═══ INFORMATION SUPPLIED

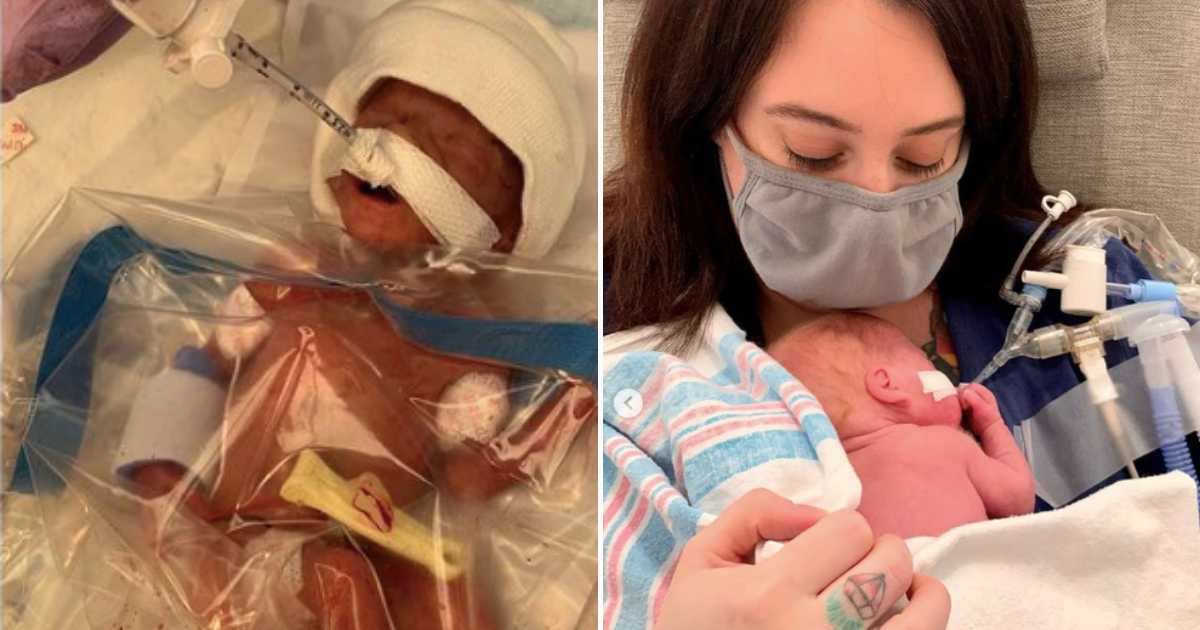 Premature baby born at 22 weeks was initially saved by a plastic bag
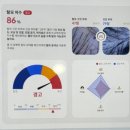 부천두피관리 카리스두피탈모뷰티 두피모발생장케어, 두피진단 및 두피스케일링 솔직후기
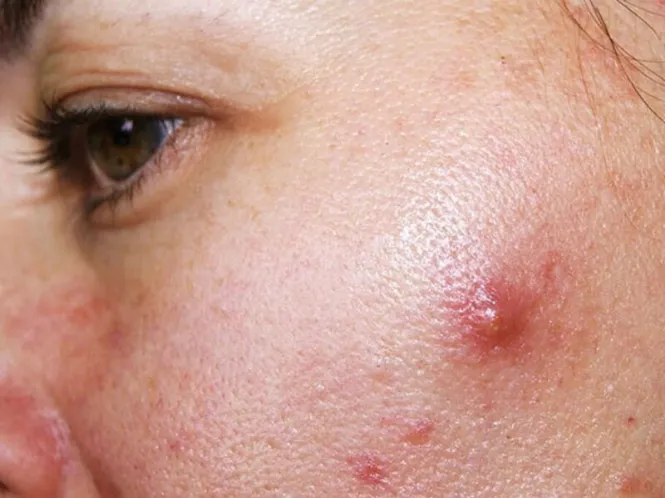 Mụn sưng đỏ do tích tụ bã nhờn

══════

### WHAT IS EXPECTED:
Exact reproduction is required. Output only the lines from the one with "부천두피관리 카리스두피탈모뷰티 두피모발생장케어, 두피진단" through the end of the listing above, both ends included, and no pictures.

### TASK OUTPUT:
 부천두피관리 카리스두피탈모뷰티 두피모발생장케어, 두피진단 및 두피스케일링 솔직후기
 Mụn sưng đỏ do tích tụ bã nhờn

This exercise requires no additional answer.